Over the last several months, the NJCCIC has observed a sharp increase in cyber incident reports and threat intelligence involving the exploitation of enabled ports commonly used for remote access as the point of entry for ransomware attacks and other network intrusion activity. As software vendors and systems administrators are under increased pressure to quickly patch known vulnerabilities, hackers seek "the path of least resistance" to gain unauthorized network access and steal data or install malware. Poorly secured remote access configurations over commonly used ports exposed to the internet provide intruders with easy opportunities to gain access, often without being noticed by network administrators.

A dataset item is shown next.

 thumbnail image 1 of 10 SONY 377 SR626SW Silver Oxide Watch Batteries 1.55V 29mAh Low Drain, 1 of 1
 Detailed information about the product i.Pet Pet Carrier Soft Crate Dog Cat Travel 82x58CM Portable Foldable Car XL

The NJCCIC strongly recommends all organizations audit their networks to identify servers and devices that have ports 22 (SSH), 23 (Telnet), and 3389 (RDP) enabled and immediately close them. Using the publicly available Shodan tool, the NJCCIC identified over 288,000 systems in New Jersey alone that currently have these ports open and exposed to the internet. If the availability of remote access is required, the NJCCIC recommends that organizations implement IPsec or SSL VPNs and to require multi-factor authentication.

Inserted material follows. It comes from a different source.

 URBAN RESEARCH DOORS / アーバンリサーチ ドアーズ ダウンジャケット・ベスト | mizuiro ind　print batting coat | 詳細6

On Tuesday, the intelligence firm Flashpoint published a report indicating that 85,000 compromised RDP servers were recently made available for sale or rent on the xDedic dark web marketplace, an illicit hidden service known for selling access to hacked systems. Flashpoint's analysis of the data revealed that most of compromised systems reside in the United States and belong to organizations in the education, healthcare, legal, aviation, and government sectors.